(Source data)
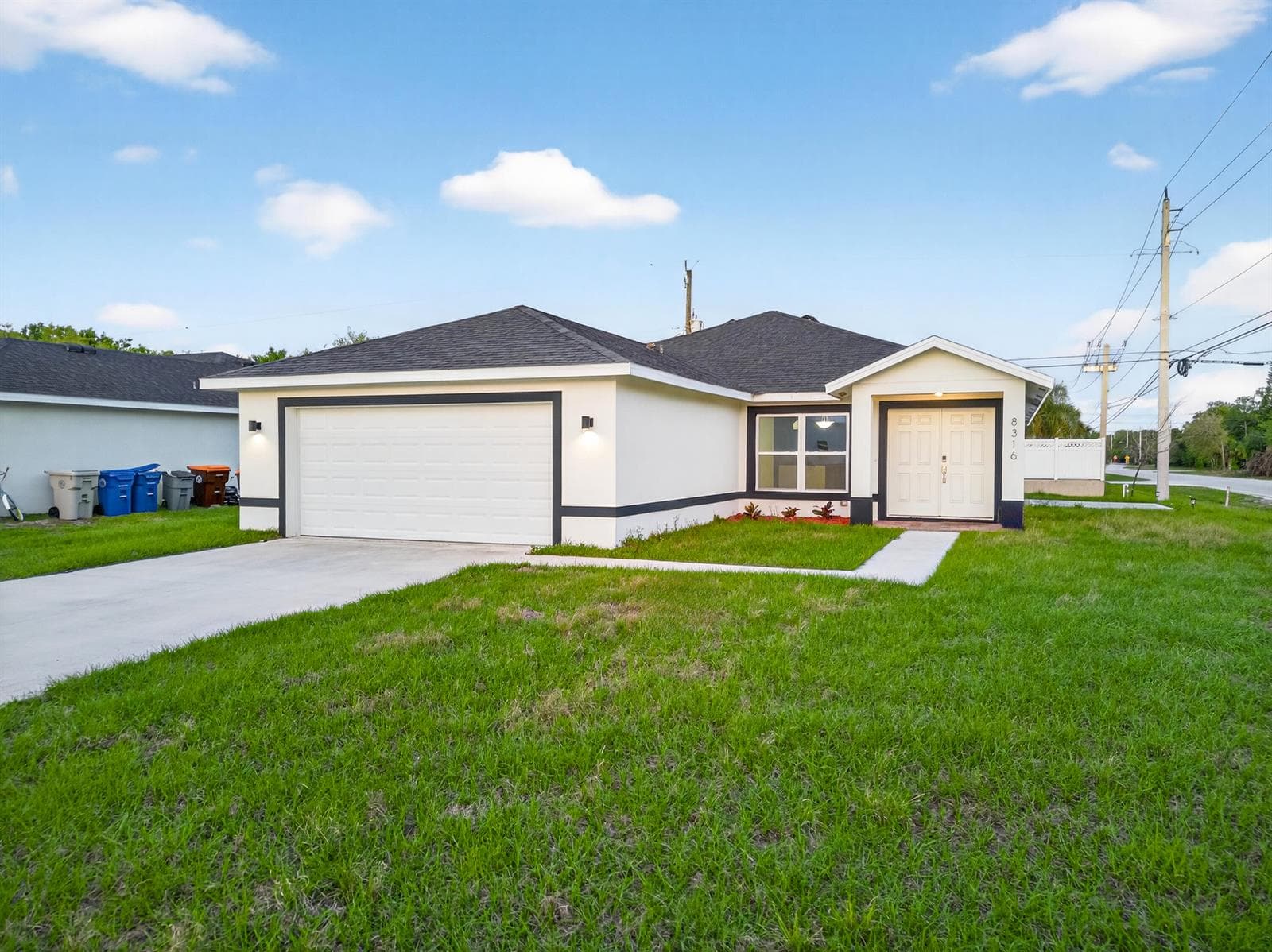 Single-family home at 8316 103rd Avenue, Vero Beach, FL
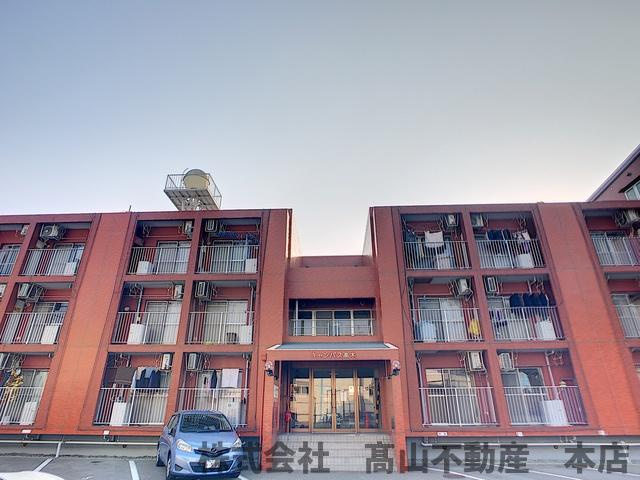 キャンパスシティ正門前Ⅱの駐車場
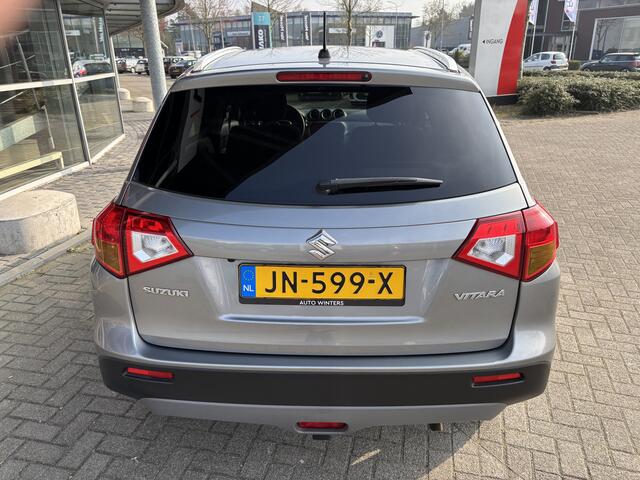 Suzuki VITARA 1.6 Exclusive Navi+BT+Camera+Carplay Stoelverwarming ECC-Airco Cr.Control Trekhaak17"LMV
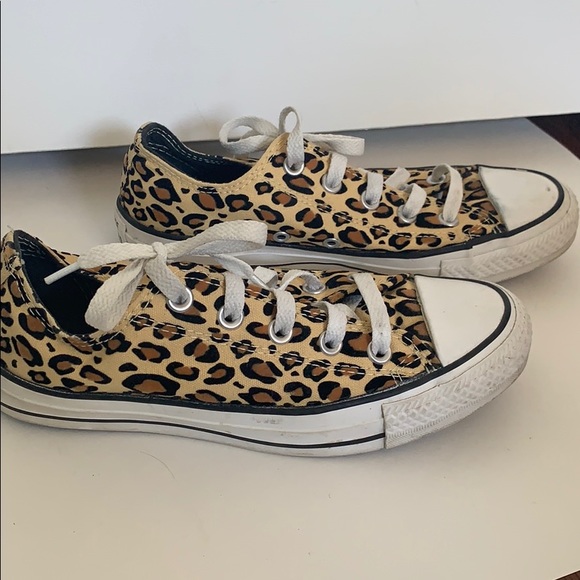 leopard print low top converse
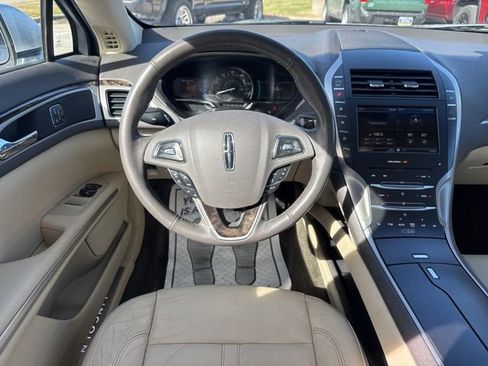 Used 2013 Lincoln MKZ Hybrid image 17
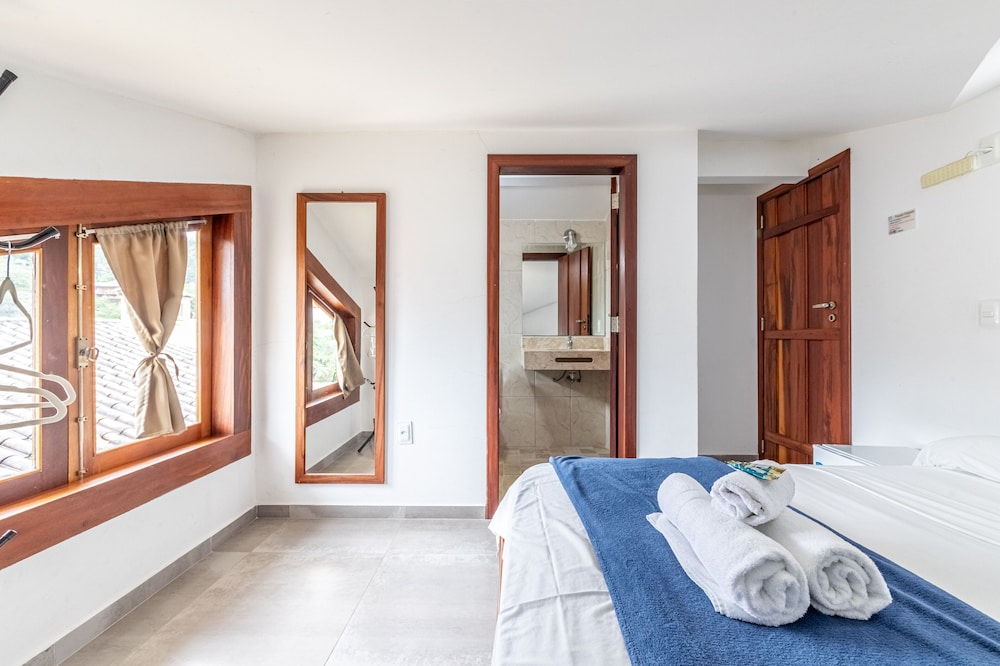 Basic Twin Room - Photo 10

= What you will do =
Print all the records again exactly; do not include any picture.

= Reply =
 Single-family home at 8316 103rd Avenue, Vero Beach, FL
 キャンパスシティ正門前Ⅱの駐車場
 Suzuki VITARA 1.6 Exclusive Navi+BT+Camera+Carplay Stoelverwarming ECC-Airco Cr.Control Trekhaak17"LMV
 leopard print low top converse
 Used 2013 Lincoln MKZ Hybrid image 17
 Basic Twin Room - Photo 10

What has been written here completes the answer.